É impressionante a evolução que Simbi teve em apenas dois anos. A diferença entre a musicalidade de Grey Area e Sometimes I Might Be Introvert é notória. Num primeiro momento, é importante realçar que o novo álbum de Little Simz tem uma duração de uma hora e cinco minutos, enquanto Grey Area fica-se pelos trinta e cinco minutos. Deste modo, Sometimes I Might Be Introvert é um álbum (mais) trabalhado, cheio de cantos e recantos que, assentando em interlúdios mágicos e coloridos, abrem alas a quatorze fortes canções à base de instrumentais, ora provocadores, ora soulful.
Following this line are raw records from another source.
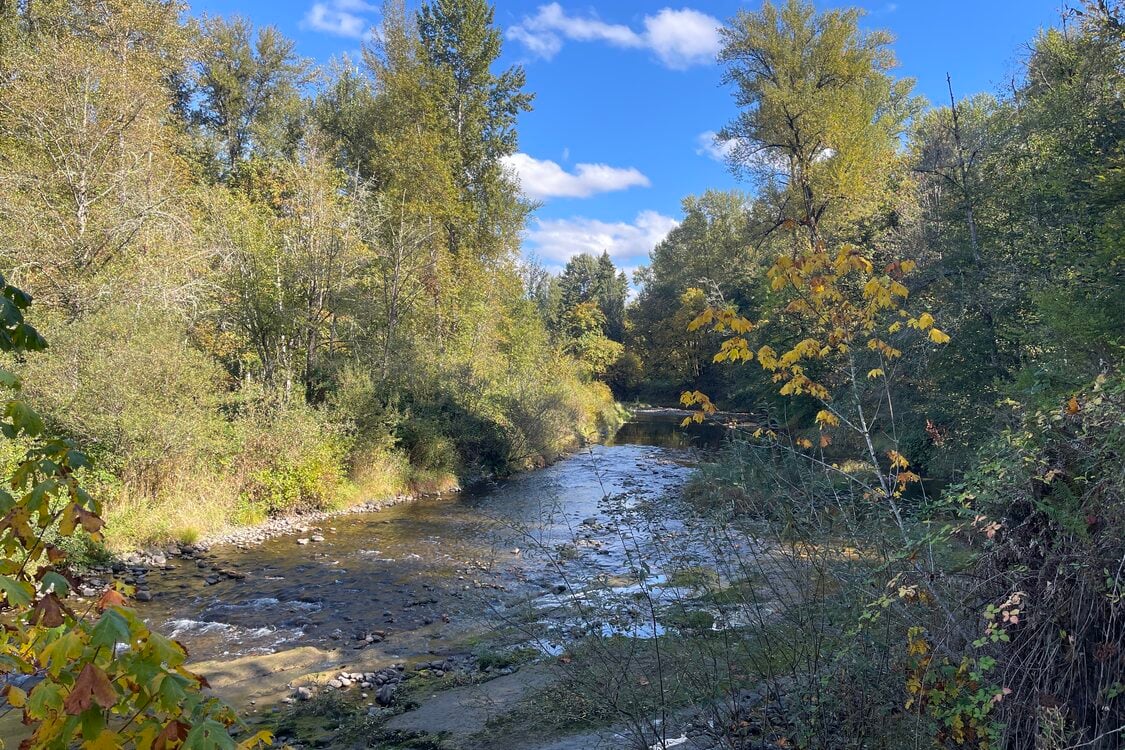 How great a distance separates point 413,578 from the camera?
10422 mm

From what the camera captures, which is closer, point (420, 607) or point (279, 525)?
point (420, 607)

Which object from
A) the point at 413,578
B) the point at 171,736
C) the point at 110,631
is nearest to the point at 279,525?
the point at 413,578

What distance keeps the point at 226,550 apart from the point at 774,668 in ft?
35.8

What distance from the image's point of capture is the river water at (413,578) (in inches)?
207

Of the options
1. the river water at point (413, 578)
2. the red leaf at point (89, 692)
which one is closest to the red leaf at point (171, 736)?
the red leaf at point (89, 692)

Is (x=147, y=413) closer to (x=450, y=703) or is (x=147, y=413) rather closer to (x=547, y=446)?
(x=450, y=703)

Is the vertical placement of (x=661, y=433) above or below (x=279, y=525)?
above

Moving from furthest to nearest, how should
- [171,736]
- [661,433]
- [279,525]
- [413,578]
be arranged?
[661,433], [279,525], [413,578], [171,736]

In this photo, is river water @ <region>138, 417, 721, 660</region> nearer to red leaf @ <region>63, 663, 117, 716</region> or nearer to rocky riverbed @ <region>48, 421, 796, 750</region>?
rocky riverbed @ <region>48, 421, 796, 750</region>

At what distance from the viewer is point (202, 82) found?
2909 centimetres

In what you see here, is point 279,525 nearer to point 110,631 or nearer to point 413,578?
point 413,578

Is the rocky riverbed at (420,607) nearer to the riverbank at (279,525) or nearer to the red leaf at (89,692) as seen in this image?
the riverbank at (279,525)

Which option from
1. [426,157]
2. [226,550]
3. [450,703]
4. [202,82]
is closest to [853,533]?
[450,703]

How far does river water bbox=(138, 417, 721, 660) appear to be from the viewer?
17.3 feet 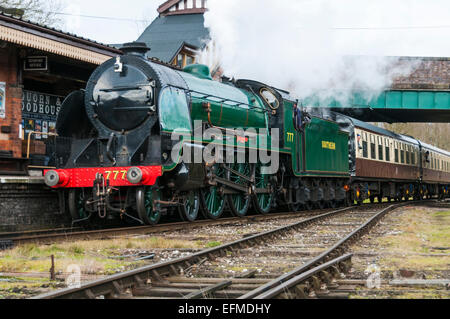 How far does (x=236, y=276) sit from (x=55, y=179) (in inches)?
216

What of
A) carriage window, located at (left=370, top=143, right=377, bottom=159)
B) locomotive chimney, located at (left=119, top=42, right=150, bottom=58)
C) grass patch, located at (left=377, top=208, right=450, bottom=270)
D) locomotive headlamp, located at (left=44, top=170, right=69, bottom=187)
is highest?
locomotive chimney, located at (left=119, top=42, right=150, bottom=58)

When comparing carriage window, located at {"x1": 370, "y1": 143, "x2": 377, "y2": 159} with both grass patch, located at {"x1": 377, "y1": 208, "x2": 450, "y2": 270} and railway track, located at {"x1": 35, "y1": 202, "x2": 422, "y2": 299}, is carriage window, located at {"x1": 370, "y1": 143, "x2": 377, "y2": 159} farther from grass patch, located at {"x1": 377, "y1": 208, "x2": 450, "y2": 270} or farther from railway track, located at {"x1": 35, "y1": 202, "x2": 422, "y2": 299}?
railway track, located at {"x1": 35, "y1": 202, "x2": 422, "y2": 299}

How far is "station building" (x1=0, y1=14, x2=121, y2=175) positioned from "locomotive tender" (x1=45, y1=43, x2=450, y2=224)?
1247mm

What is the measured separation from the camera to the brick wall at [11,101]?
11539mm

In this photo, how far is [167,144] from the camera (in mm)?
10156

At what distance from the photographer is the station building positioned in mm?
11094

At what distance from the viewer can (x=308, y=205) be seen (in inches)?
668

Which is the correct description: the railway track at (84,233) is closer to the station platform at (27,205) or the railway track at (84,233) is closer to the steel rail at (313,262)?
the station platform at (27,205)

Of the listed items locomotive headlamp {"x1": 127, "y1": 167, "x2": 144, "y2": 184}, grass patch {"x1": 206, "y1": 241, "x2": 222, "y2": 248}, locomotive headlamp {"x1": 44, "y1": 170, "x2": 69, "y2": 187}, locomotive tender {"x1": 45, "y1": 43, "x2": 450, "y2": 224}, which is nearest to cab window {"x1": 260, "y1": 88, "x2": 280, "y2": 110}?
locomotive tender {"x1": 45, "y1": 43, "x2": 450, "y2": 224}

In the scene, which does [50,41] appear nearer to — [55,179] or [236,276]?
[55,179]

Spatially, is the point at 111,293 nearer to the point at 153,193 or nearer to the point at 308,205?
the point at 153,193

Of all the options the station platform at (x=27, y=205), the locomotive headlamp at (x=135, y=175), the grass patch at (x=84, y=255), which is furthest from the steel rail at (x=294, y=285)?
the station platform at (x=27, y=205) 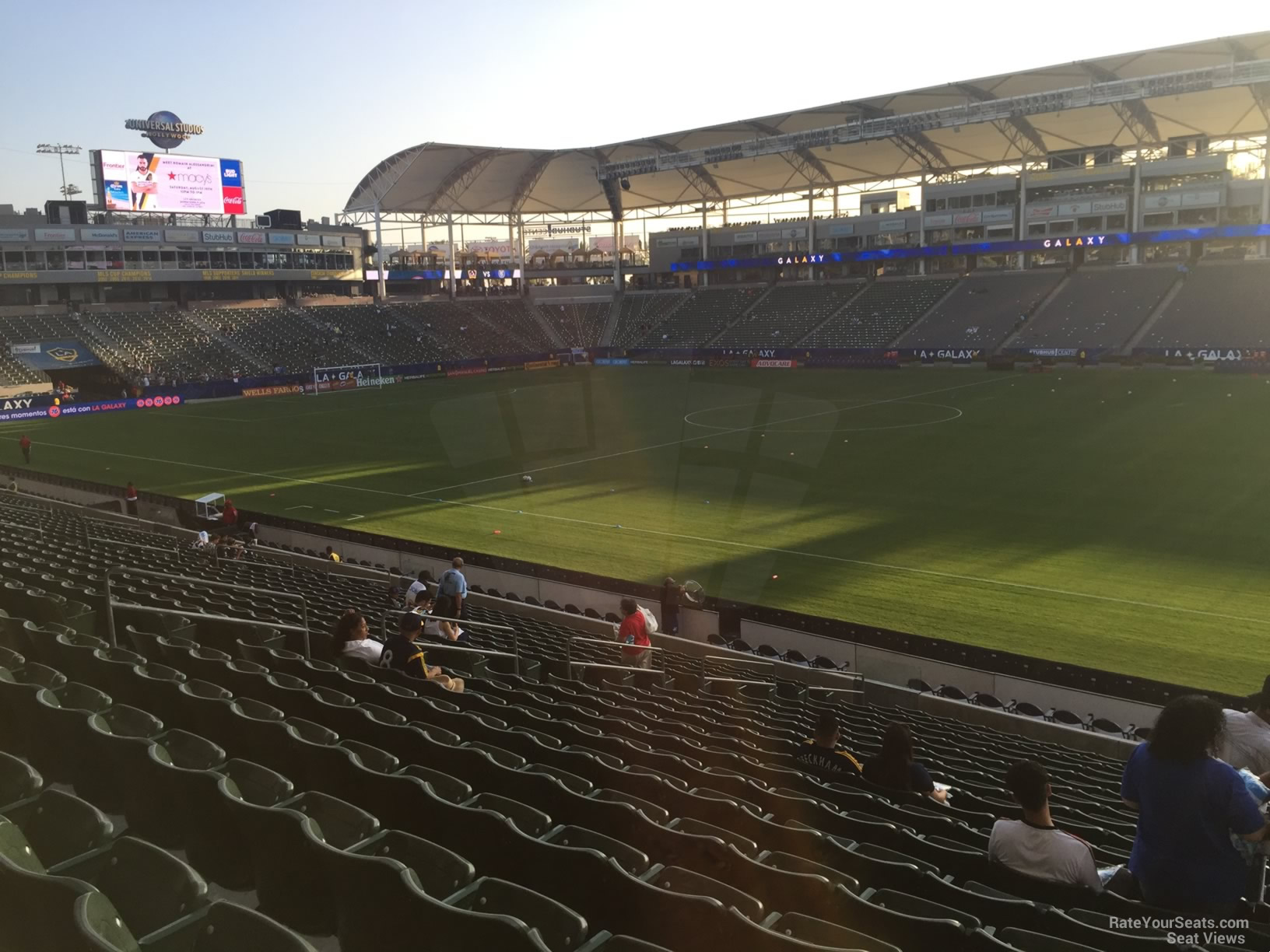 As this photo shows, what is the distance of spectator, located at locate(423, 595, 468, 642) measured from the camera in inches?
467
Se um dia derem por vocês a defender o papel de interlúdios em LP’s, usem Sometimes I Might Be Introvert (SIMBI) como exemplo paradigmático. Aqui, os cinco interlúdios, que estão ligados pelas mesmas notas, unem a mensagem do álbum, que não é mais do que uma confissão de Little Simz. SIMBI é um livro aberto, um trabalho cheio de verdades e revelações de desejos, sonhos, amores, mas também de medos, receios e dificuldades.
De certa forma, é justo afirmar que Sometimes I Might Be Introvert é a forma que Simbi encontrou para salvar tanto o seu mundo interior, como o mundo que se estende para lá dos seus olhos. Esta ideia fica clara se escutarmos a faixa iniciática, “Introvert”, onde Little Simz associa as fações da sua personalidade às injustiças de uma sociedade ainda dividida, ainda escura, ainda racista; o mesmo ocorre em “Point & Kill”. Na maioria dos temas, porém, a conversa é outra, preferindo Simz escancarar as portas do coração e as janelas da alma: músicas como “Woman” e “I See You” (ambas com Cleo Soul) oferecem ternura e conforto aos nossos ouvidos.
Contudo, Sometimes I Might Be Introvert não se faz apenas com amor. Ao longo de todo o LP, há muita vaidade – mas da boa, daquela que não magoa os outros. Apesar de ser uma pessoa que costuma preferir o silêncio à fala, Simbi reconhece o seu valor como mulher e artista, e não desperdiça nenhuma oportunidade para dar a conhecer aos outros as dificuldades e pressões que sentiu ao longo dos seus vinte e sete anos. “Standing Ovation”, “Rolling Stone”, “Protect My Energy” e as derradeiras “How Did You Get Here” e “Miss Understood” comprovam essa realidade.
Todas as faixas beneficiam de uma produção imaculada, que, em diversos momentos, transforma Sometimes I Might Be Introvert num álbum jazz, num álbum pop, num álbum rock, num álbum grime, num álbum afrobeat – num álbum de música e arte. Estamos perante um trabalho que tem chances elevadas de ganhar o título de melhor álbum do ano! É irrelevante qual é a instituição musical que decide o vencedor quando quem tem a última palavra, o último juízo de valor, somos nós, através dos nossos ouvidos e sentidos.
nTodos os anos, somos nós a escolher o melhor álbum do ano, no entanto, apercebemo-nos raramente de que temos esse poder. Quero acreditar que Simbi concorda comigo, até porque, no dia em que Sometimes I Might Be Introvert saiu cá para fora, Simz escreveu: “My best work to date. I’m so proud of this album. I remember being asked after Grey Area: “What’s next?! What’s next?! I had no idea but I knew it was going to be sick. To everyone that played a part in this project, thank you.”
Neste mundo cheio de ruídos e distrações, mais artistas como Simbi precisam-se. Repitam comigo: Simbiatu Ajikawo não é pequena. Apesar de, por vezes, ser introvertida, tímida, quietinha, Little Simz é enorme e criou um álbum gigante.